_Problem statement_
Look below for the line holding "Finbike EB3/M10 Electric" and the line holding "Autre Marque-CURTAIN STRAP". Repeat those two and everything between, exactly.

_Extracted entries_
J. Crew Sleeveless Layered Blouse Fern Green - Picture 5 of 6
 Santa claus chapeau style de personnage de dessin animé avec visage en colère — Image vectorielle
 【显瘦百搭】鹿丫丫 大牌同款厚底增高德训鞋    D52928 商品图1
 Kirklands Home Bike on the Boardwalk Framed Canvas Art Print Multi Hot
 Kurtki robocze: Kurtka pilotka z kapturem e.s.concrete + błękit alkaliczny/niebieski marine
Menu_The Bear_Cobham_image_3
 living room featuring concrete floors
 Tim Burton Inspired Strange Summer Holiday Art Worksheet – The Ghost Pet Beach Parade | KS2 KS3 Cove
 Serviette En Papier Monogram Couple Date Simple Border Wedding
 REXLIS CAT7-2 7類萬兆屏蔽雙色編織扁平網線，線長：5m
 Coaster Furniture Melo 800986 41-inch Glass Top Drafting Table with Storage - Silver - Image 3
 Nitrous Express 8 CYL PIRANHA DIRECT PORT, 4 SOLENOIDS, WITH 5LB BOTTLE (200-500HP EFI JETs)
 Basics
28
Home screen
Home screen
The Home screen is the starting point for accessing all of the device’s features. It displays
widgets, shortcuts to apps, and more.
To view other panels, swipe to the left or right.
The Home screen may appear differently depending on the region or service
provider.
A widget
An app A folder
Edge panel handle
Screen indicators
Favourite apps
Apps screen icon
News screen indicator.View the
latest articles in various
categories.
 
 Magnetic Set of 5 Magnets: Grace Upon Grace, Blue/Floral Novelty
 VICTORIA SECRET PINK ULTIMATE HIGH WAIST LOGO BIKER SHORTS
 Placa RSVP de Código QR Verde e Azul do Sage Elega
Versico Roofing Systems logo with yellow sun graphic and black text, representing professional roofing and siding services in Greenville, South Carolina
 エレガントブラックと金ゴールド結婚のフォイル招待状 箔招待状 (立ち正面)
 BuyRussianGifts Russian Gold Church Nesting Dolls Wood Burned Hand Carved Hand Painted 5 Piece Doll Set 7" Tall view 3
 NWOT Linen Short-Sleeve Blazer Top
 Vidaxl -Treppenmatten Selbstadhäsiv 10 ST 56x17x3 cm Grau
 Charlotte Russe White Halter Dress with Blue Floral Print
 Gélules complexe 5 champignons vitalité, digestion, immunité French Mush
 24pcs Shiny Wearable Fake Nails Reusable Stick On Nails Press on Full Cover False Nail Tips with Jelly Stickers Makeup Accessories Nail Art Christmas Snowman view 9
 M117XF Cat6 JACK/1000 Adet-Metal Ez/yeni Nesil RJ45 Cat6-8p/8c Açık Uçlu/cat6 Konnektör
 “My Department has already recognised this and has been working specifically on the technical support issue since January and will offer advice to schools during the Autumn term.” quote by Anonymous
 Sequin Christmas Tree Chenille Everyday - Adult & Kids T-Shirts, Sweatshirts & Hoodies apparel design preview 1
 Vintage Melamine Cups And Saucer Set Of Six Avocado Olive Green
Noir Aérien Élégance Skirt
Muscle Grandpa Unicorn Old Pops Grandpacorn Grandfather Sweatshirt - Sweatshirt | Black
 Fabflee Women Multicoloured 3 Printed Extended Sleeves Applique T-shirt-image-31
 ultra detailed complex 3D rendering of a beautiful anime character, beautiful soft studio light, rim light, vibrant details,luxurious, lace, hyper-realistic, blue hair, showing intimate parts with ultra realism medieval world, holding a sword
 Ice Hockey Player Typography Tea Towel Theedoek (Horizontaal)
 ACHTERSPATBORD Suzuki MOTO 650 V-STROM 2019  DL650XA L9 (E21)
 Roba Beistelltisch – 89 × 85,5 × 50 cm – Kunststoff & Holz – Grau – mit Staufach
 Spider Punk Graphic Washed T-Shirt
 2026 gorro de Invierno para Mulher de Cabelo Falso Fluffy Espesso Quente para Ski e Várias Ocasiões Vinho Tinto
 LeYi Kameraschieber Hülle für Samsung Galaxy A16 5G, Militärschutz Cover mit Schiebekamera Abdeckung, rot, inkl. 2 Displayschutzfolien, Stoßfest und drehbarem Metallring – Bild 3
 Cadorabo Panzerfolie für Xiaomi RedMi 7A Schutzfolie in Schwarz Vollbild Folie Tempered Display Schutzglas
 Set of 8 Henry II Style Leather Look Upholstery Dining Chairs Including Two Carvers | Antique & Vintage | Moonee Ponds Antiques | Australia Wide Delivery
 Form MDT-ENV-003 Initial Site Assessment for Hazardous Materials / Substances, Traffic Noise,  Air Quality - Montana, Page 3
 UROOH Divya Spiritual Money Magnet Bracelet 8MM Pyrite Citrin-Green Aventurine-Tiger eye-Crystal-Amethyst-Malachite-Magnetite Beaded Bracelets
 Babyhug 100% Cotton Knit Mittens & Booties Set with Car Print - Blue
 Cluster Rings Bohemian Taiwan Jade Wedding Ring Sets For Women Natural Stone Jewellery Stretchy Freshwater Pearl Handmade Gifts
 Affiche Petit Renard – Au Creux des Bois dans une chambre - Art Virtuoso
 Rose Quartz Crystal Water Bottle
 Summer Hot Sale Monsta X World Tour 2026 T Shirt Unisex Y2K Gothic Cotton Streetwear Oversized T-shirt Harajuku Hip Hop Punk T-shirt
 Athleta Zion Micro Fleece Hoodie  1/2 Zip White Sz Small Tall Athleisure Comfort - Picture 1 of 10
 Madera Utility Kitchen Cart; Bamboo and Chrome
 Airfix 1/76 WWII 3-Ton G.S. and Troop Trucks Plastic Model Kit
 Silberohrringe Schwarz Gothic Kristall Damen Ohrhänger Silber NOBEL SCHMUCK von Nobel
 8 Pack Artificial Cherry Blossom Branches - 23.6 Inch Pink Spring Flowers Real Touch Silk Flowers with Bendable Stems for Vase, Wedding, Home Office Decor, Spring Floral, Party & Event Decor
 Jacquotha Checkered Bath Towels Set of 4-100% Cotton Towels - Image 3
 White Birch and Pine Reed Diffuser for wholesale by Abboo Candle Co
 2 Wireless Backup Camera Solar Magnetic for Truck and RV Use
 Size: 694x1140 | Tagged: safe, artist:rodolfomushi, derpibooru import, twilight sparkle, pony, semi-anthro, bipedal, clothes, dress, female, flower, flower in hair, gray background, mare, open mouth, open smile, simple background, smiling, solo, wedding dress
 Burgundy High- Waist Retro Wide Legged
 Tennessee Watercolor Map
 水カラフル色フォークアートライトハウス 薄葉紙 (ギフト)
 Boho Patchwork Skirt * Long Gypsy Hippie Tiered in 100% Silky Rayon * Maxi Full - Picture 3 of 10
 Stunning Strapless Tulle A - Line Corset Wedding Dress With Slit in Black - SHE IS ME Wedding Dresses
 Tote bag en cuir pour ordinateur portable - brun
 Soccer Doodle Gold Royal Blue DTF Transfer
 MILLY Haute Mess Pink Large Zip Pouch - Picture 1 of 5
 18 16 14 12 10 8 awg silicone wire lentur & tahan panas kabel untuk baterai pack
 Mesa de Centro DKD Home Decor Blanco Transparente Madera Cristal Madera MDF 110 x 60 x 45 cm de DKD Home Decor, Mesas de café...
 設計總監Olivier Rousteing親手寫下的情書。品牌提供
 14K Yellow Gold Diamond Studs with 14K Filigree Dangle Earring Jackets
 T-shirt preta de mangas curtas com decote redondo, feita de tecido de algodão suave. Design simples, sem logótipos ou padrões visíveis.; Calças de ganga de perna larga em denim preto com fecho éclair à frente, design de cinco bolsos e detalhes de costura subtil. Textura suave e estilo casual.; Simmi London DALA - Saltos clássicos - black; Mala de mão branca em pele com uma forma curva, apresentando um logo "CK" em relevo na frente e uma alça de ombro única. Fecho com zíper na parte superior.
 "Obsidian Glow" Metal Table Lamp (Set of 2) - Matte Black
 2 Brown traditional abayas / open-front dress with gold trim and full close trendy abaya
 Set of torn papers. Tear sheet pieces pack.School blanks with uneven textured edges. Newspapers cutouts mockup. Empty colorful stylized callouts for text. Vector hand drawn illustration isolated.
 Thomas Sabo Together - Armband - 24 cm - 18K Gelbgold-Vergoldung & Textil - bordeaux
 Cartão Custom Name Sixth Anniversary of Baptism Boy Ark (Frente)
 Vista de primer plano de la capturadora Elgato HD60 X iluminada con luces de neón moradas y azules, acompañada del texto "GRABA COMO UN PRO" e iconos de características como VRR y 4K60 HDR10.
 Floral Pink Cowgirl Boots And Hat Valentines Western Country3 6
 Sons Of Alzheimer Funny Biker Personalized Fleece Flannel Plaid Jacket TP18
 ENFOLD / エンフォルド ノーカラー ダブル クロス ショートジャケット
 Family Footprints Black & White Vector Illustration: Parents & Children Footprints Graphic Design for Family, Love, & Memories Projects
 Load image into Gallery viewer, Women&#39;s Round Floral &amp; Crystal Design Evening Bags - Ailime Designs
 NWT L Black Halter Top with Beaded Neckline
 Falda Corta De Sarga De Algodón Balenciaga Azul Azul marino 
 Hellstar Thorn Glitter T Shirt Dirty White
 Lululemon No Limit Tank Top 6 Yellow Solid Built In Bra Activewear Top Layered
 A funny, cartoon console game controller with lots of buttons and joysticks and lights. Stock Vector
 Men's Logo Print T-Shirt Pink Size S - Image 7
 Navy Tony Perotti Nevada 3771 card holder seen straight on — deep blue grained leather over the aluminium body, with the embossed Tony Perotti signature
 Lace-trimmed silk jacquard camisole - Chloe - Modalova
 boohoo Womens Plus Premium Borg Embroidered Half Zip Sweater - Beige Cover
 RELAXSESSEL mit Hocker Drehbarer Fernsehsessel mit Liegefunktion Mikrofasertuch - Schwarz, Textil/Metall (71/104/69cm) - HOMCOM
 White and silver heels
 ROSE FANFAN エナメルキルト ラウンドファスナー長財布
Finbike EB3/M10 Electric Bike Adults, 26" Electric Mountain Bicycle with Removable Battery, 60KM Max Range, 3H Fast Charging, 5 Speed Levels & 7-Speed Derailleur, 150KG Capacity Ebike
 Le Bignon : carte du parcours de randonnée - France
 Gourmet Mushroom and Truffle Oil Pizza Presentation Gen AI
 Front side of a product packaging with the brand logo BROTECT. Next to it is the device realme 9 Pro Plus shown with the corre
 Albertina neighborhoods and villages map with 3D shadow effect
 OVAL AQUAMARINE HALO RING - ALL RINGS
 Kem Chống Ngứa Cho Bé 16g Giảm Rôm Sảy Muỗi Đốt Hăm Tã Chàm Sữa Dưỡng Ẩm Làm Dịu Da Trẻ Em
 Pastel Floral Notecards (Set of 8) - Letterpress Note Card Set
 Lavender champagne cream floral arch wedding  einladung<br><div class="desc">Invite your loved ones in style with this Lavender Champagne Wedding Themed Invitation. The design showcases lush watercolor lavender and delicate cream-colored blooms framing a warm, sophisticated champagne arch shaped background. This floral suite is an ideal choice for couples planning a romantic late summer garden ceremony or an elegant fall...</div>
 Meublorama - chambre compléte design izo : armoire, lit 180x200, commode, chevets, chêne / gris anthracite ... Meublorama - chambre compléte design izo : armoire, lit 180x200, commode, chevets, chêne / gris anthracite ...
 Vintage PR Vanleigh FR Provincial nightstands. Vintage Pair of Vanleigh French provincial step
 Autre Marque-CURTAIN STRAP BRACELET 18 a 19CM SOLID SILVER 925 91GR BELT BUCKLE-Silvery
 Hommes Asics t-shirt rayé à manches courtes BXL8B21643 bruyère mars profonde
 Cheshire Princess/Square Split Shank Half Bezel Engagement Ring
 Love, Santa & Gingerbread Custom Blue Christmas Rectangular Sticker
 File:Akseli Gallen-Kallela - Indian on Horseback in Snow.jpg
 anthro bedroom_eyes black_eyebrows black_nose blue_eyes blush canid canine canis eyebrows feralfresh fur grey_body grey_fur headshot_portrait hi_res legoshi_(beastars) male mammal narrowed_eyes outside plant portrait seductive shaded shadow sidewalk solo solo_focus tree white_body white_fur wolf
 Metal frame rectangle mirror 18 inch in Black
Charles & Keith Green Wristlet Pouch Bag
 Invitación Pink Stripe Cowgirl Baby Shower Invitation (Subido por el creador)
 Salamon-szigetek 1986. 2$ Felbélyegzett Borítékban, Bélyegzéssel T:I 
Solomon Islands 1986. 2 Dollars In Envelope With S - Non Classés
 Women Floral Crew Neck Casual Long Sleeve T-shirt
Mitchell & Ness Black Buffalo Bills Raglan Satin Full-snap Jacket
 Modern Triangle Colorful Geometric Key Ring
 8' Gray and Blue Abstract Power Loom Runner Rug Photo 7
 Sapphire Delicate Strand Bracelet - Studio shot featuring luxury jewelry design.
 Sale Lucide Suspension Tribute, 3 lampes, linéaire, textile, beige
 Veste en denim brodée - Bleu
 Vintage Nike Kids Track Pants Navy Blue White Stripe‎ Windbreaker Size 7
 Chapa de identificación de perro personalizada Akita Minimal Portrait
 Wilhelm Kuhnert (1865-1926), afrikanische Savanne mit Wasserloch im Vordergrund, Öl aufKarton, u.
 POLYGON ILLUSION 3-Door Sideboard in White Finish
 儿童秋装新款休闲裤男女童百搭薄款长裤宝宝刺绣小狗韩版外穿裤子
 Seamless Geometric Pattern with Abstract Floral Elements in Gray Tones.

_Reply to the exercise_
Finbike EB3/M10 Electric Bike Adults, 26" Electric Mountain Bicycle with Removable Battery, 60KM Max Range, 3H Fast Charging, 5 Speed Levels & 7-Speed Derailleur, 150KG Capacity Ebike
 Le Bignon : carte du parcours de randonnée - France
 Gourmet Mushroom and Truffle Oil Pizza Presentation Gen AI
 Front side of a product packaging with the brand logo BROTECT. Next to it is the device realme 9 Pro Plus shown with the corre
 Albertina neighborhoods and villages map with 3D shadow effect
 OVAL AQUAMARINE HALO RING - ALL RINGS
 Kem Chống Ngứa Cho Bé 16g Giảm Rôm Sảy Muỗi Đốt Hăm Tã Chàm Sữa Dưỡng Ẩm Làm Dịu Da Trẻ Em
 Pastel Floral Notecards (Set of 8) - Letterpress Note Card Set
 Lavender champagne cream floral arch wedding  einladung<br><div class="desc">Invite your loved ones in style with this Lavender Champagne Wedding Themed Invitation. The design showcases lush watercolor lavender and delicate cream-colored blooms framing a warm, sophisticated champagne arch shaped background. This floral suite is an ideal choice for couples planning a romantic late summer garden ceremony or an elegant fall...</div>
 Meublorama - chambre compléte design izo : armoire, lit 180x200, commode, chevets, chêne / gris anthracite ... Meublorama - chambre compléte design izo : armoire, lit 180x200, commode, chevets, chêne / gris anthracite ...
 Vintage PR Vanleigh FR Provincial nightstands. Vintage Pair of Vanleigh French provincial step
 Autre Marque-CURTAIN STRAP BRACELET 18 a 19CM SOLID SILVER 925 91GR BELT BUCKLE-Silvery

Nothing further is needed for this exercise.